Another method of avoiding this issue is accomplished by restricting social interactions to the family. Primacy of rights theorists might agree that human capacities must be developed if they are given rights, but that this can be done within a familial unit. This is still not a violation of the primacy of rights because “Family obligations and obligations of friendship can be kept separate from any obligations to belong” (Taylor 204). Unfortunately, Taylor falls short of refuting this hypothesis.

Taylor offers one final argument worthy of mention. He states, “The kind of freedom valued by the protagonists of the primacy of rights… is a freedom by which men are capable of conceiving alternatives and arriving at a definition of what they really want… to exercise autonomy in the basic issues of life” (Taylor 204). Thus, the primacy of rights values three things above all: reason, choice, and autonomy. However, as Taylor points out, these things can “only (develop) within an entire civilization. Think of the developments” in society “which have contributed to the historic birth of this aspiration to freedom, to making this ideal of autonomy a comprehensible goal men can aim at” (Taylor 204). Simply put, these concepts would not exist without society. Taylor continues, “But this civilization was not only necessary for the genesis of freedom. How could successive generations discover what it is to be an autonomous agent…? This is an identity… which men are not born with” (Taylor 205). Society, then, not only originates these ideas, but also is necessary to propagate them.

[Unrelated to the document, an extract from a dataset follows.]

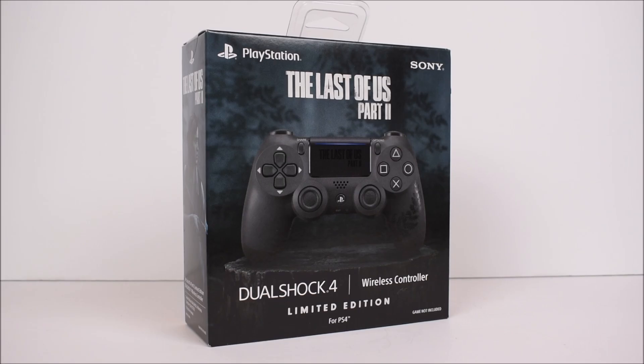So I got a quick one here for you guys. Here we have the PlayStation The Last of Us Part 2 limited edition DualShock 4 wireless controller unboxing. This is of course for the PS4, based off of the new upcoming Last of Us Part 2 video game coming out this Friday at the time of the recording of this video.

Thus, Taylor’s arguments generally rest on the Aristotelian hypothesis that man is indeed a social animal. Rights require respected capacities, and respect requires us to foster those same capacities, which cannot reasonably be developed outside of society. If we define these rights in terms of inborn capacities that cannot be developed, we end up with a flawed system of rights that presents itself as easily falsified. Finally, the very values on which the primacy of rights is based would not exist without society to create and propagate them. In the end, the real validity of the primacy of rights falls on atomism, which is still a matter of debate. Is man self-sufficient outside society? The question is heavily tainted with opinion, and demands further probing to reach a conclusion.

Resources

Taylor, Charles. Philosophy and the Human Sciences, Philosophical Papers Volume 2. 1985.